23rd Winter Commencement Scheduled for FSU
Fayetteville State University (FSU) will hold its 23rd Winter Commencement on December 8, 2012, at 9 a.m. in the Crown Coliseum. The event is free and open to the public.
More than 500 graduates will be awarded degrees at this year’s ceremony. Guest speaker will be Dr. Dudley Flood, a retired school administrator and a member of the University of North Carolina Board of Governors. An endowed chair in the Department of Criminal Justice at FSU also bears Flood’s name.
Flood, who resides in Raleigh, was born and reared in Winton, North Carolina. He began his education career as an eighth-grade math, science and English teacher. He later taught high school social studies and coached high school basketball and football. He served for three years as a principal of a school covering grades 1-12 before joining the North Carolina Department of Public Instruction.
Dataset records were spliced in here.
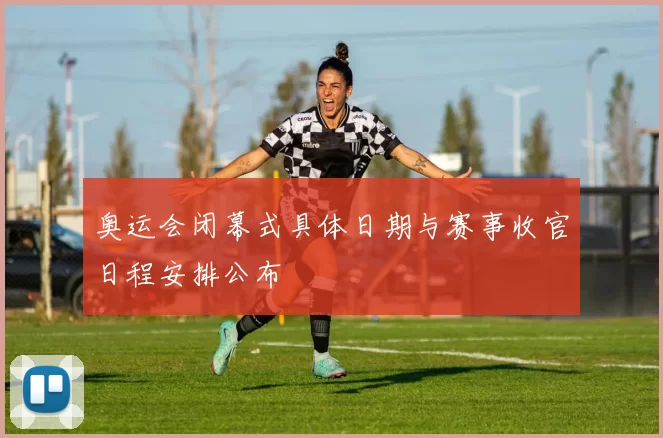 奥运会闭幕式具体日期与赛事收官日程安排公布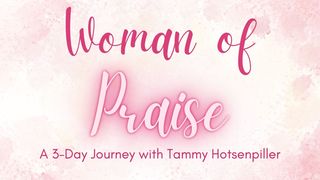 Woman of Praise: A 3-Day Journey With Tammy Hotsenpiller Luke 2:26-38 New Living Translation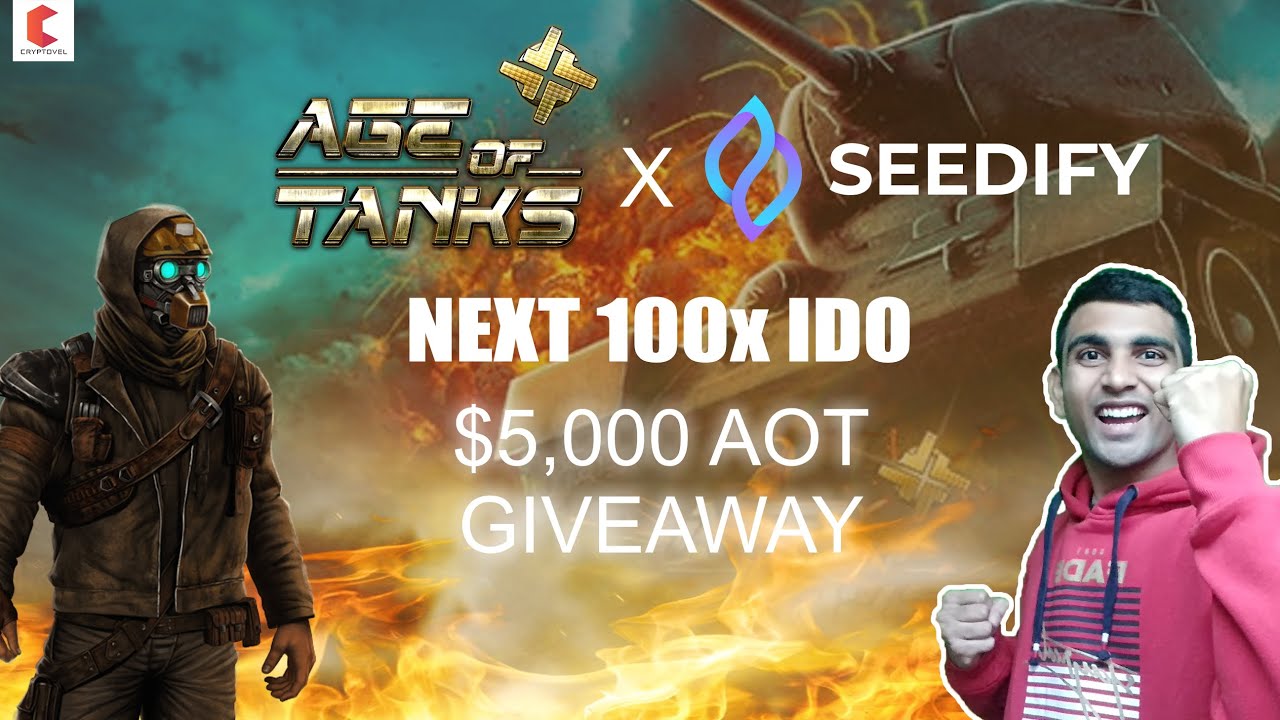 Age Of Tanks - Next 100x IDO on seedify || $5,000 AOT giveaway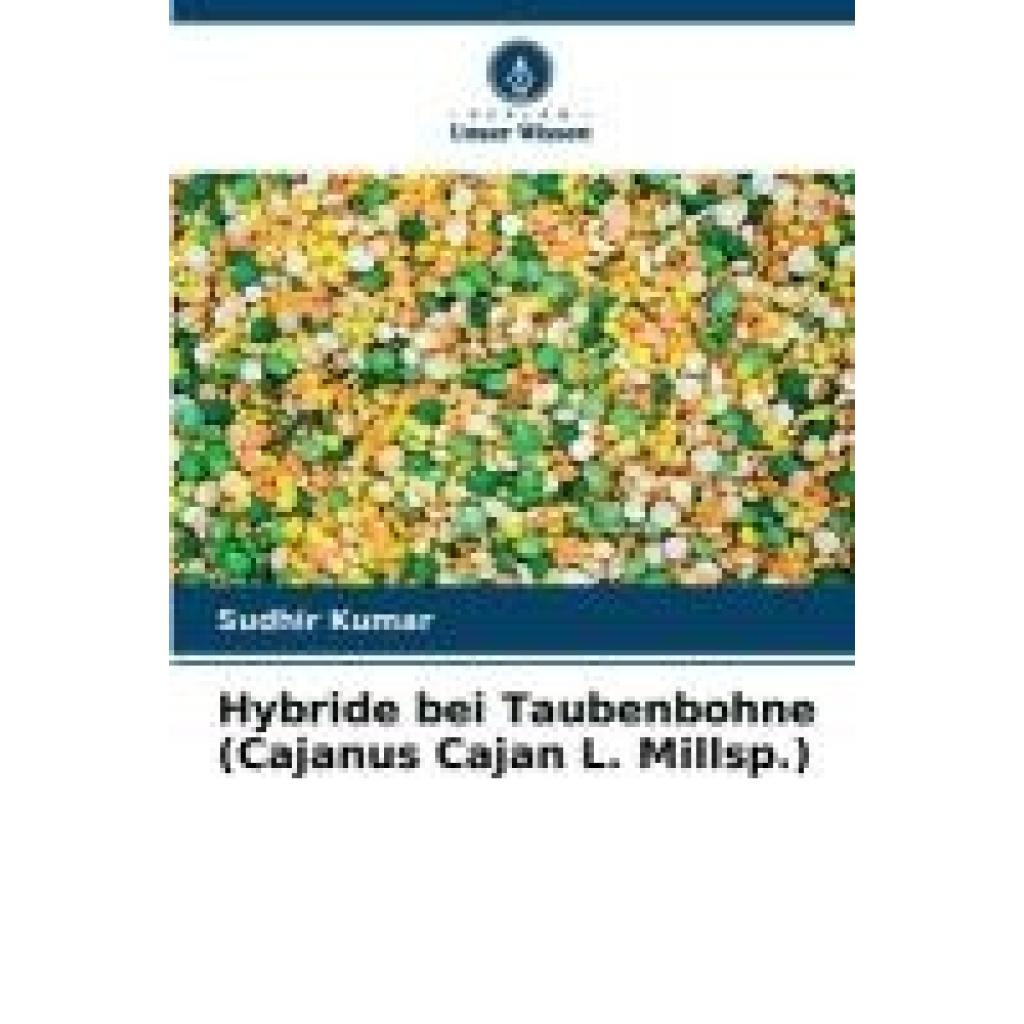 Kumar, Sudhir: Hybride bei Taubenbohne (Cajanus Cajan L. Millsp.)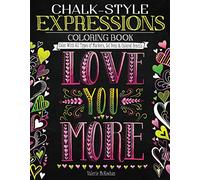 Chalk-Style Expressions Coloring Book: Color With All Types of Markers, Gel Pens & Colored Pencils (Design Originals) 32 Charming Designs of Uplifting, Heartfelt Messages, in the Chalk Folk Art Style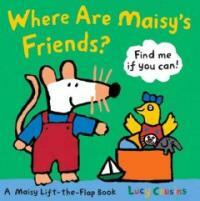 Where are Maisy's Friends? : a maisy lift-the-flap book. [2] 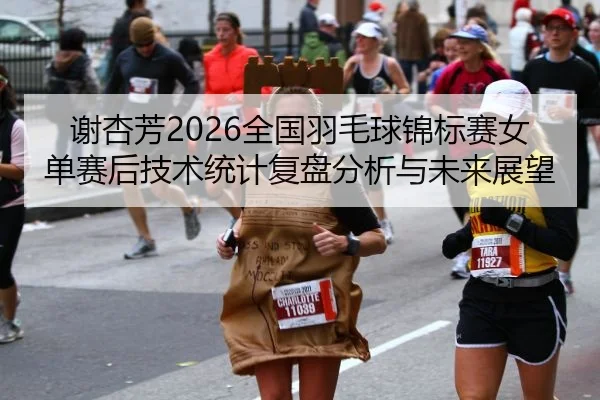 谢杏芳2026全国羽毛球锦标赛女单赛后技术统计复盘分析与未来展望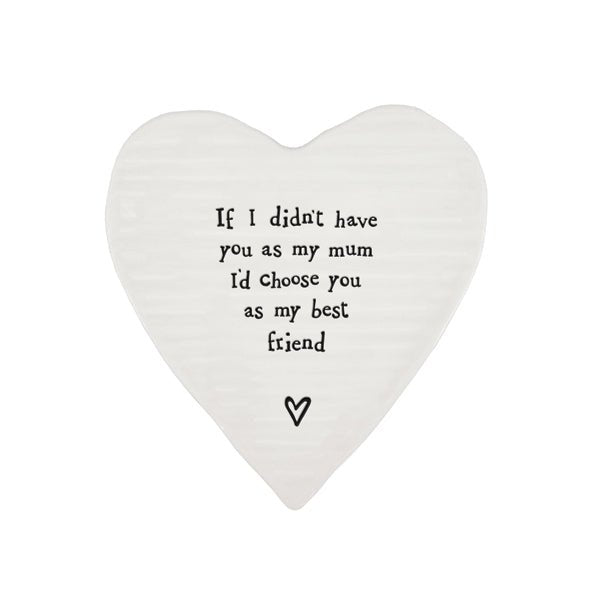 If I Didn’t Have You Mum – Ceramic Heart Coaster | 10cm x 11cm - Give And Glow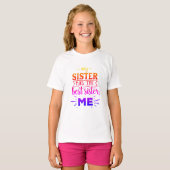 Mijn zuster heeft de beste zuster t-shirt (Voorkant volledig)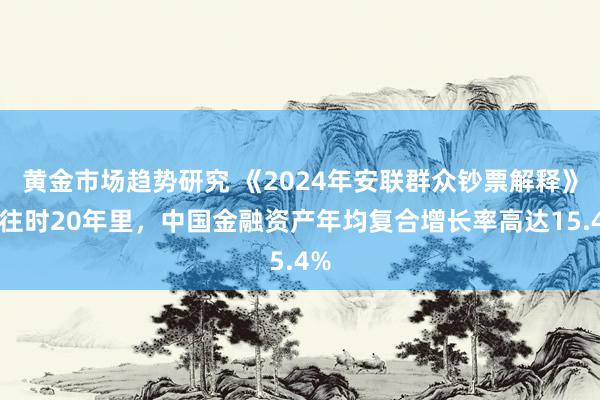 黄金市场趋势研究 《2024年安联群众钞票解释》：往时20年里，中国金融资产年均复合增长率高达15.4%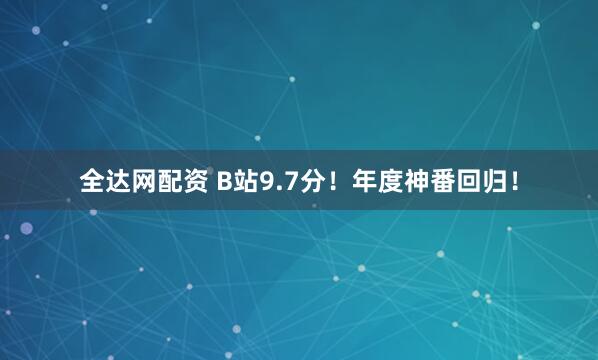 全达网配资 B站9.7分!年度神番回归!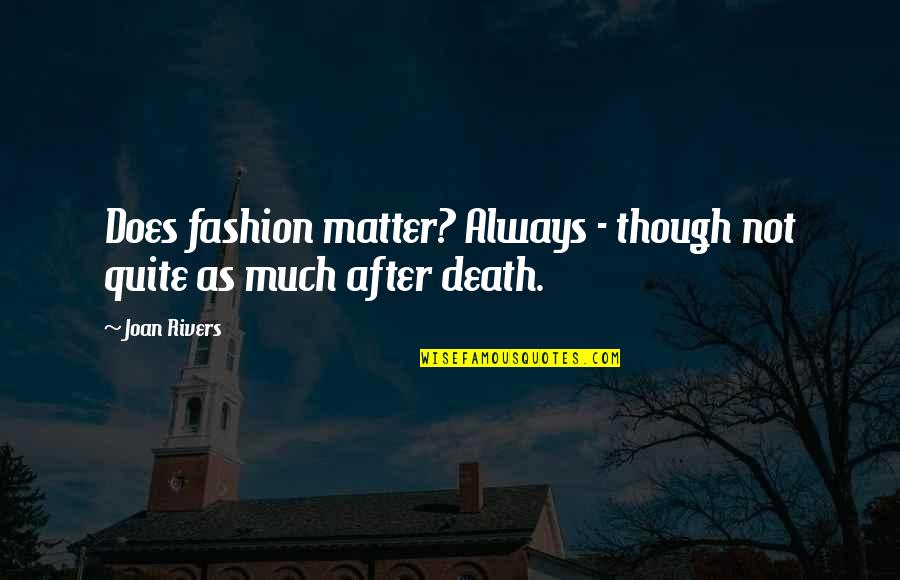 Eulogies Quotes By Joan Rivers: Does fashion matter? Always - though not quite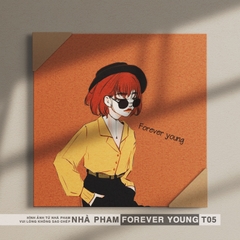TRANH CANVAS FOREVER YOUNG - 40X40CM - HÌNH 05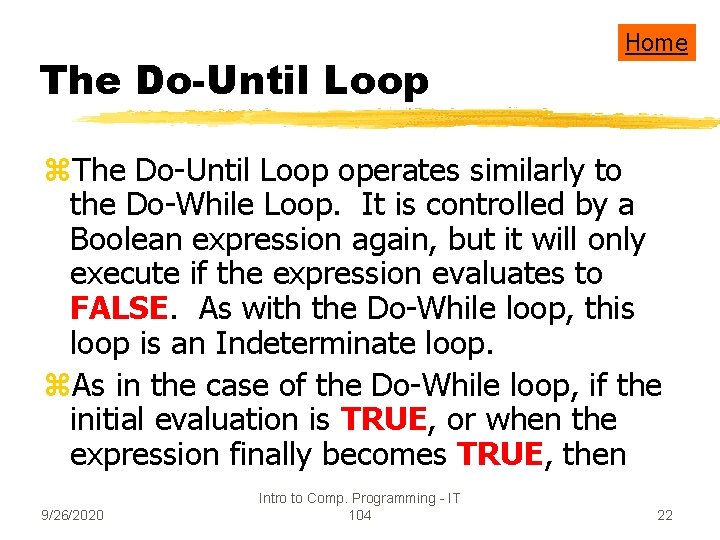 The Do-Until Loop Home z. The Do-Until Loop operates similarly to the Do-While Loop.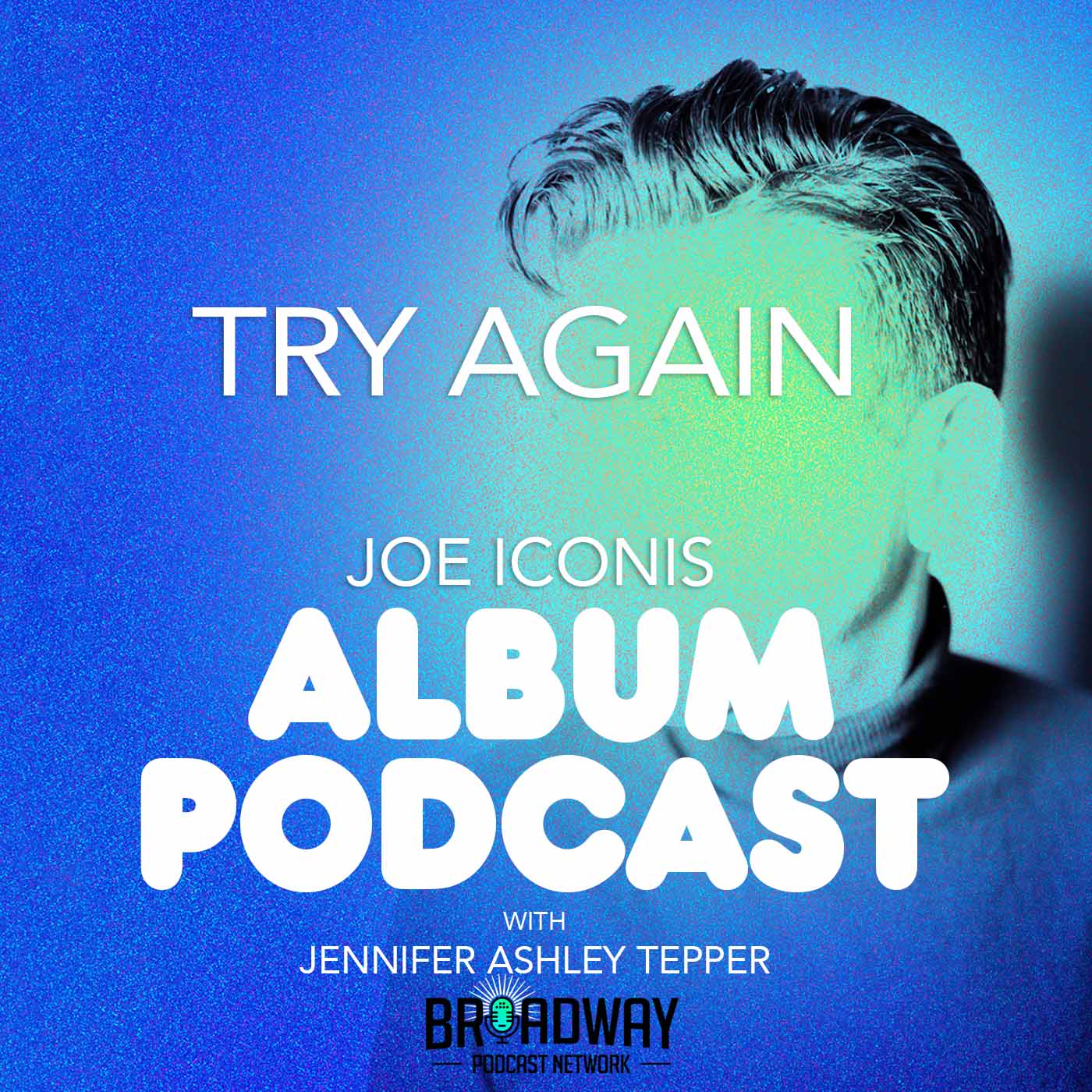 ALBUM PODCAST with Joe Iconis and Jennifer Ashley Tepper
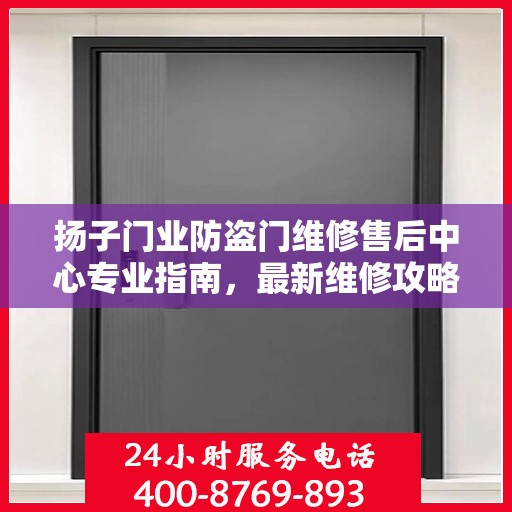扬子门业防盗门维修售后中心专业指南，最新维修攻略与指南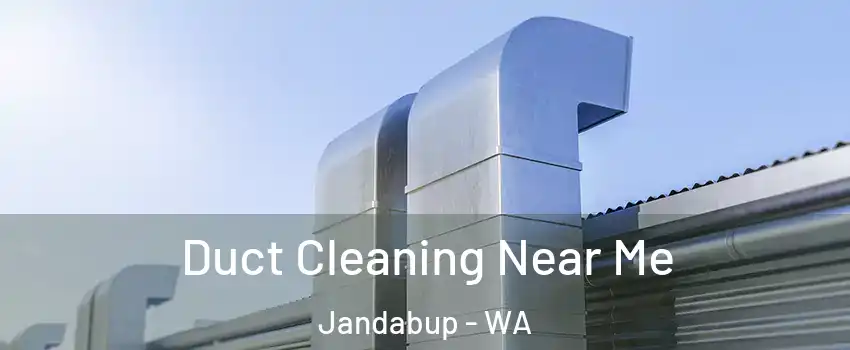 Duct Cleaning Near Me Jandabup - WA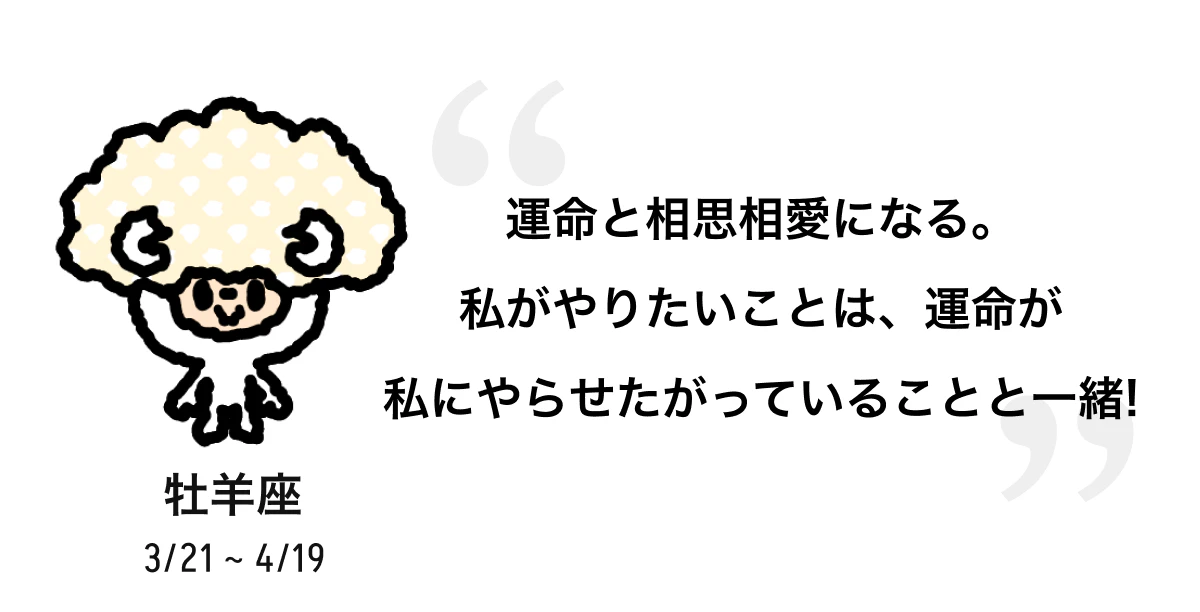 牡羊座 3/21 ~ 4/19 運命と相思相愛になる。私がやりたいことは、運命が私にやらせたがっていることと一緒! 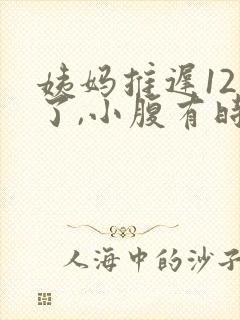 姨妈推迟12天了,小腹有时候隐隐作痛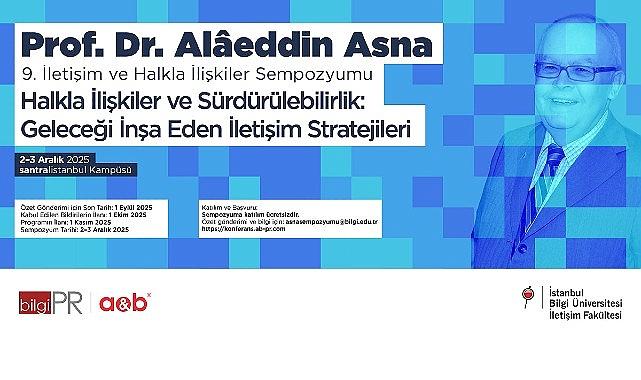 Prof. Dr. Alâeddin Asna 9. İletişim ve Halkla İlişkiler Sempozyumu'nda 'Halkla İlişkiler ve Sürdürülebilirlik' tartışılacak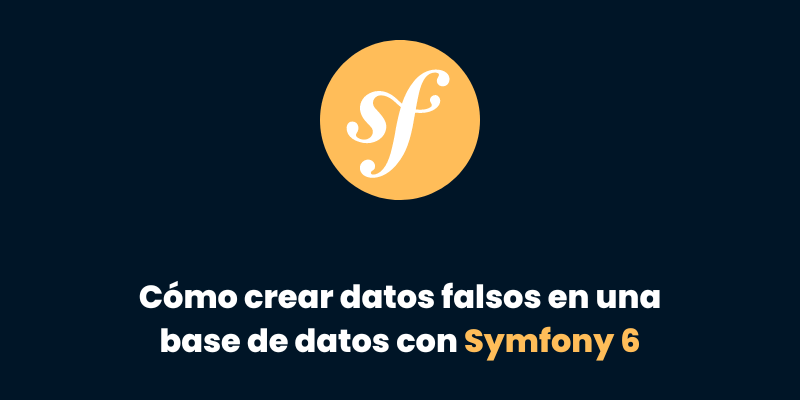 Parte 3: Cómo crear datos falsos en una base de datos con Symfony 6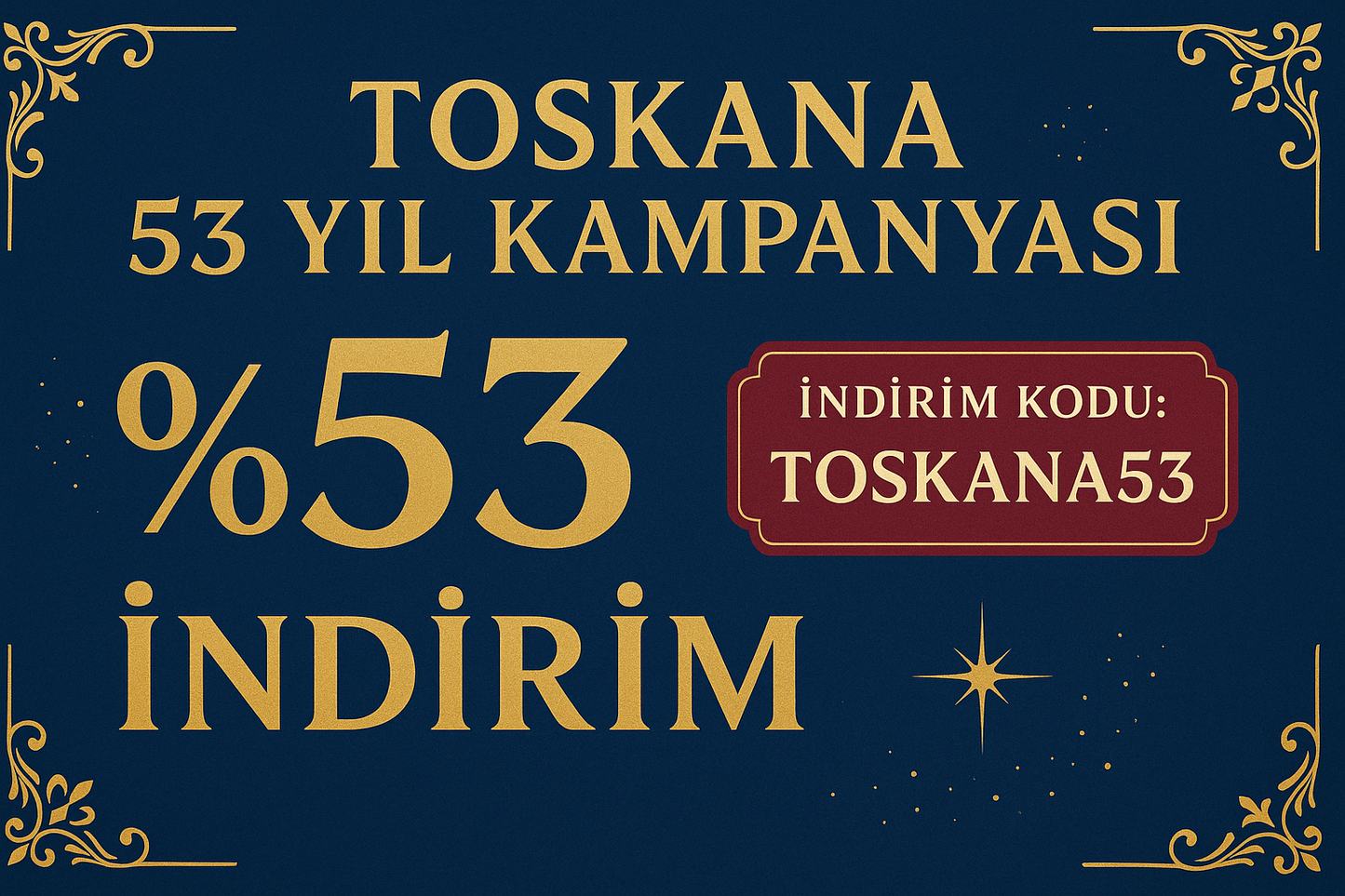 toskana design tüm ürünlerde kısa bir süre  53. yıl  kutlaması  %53 indirim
During his 21 years of service with the Department of Public Instruction, he earned promotions first to assistant and then associate state superintendent. After retiring from Public Instruction on December 31, 1990, he served 5 years and 3 months as Executive Director of the North Carolina Association of School Administrators. Since April 1996, he has been a lecturer and consultant to groups throughout the country. He has been a visiting professor at Meredith College and the University of North Carolina at Wilmington, and has taught in the Principals Executive Program at the University of North Carolina.
Flood earned his bachelor’s degree from North Carolina Central University, the master’s degree in educational administration from East Carolina University, and the doctorate degree in the same field from Duke University.
He has received more than 300 awards for civic service. He has been presented the Order of the Longleaf Pine Award, North Carolina’s highest civic award, by three different governors. He has received the Outstanding Alumni Award from both North Carolina Central and East Carolina, and he has received the Doctorate of Humane Letters from both North Carolina Central and the University of North Carolina at Asheville.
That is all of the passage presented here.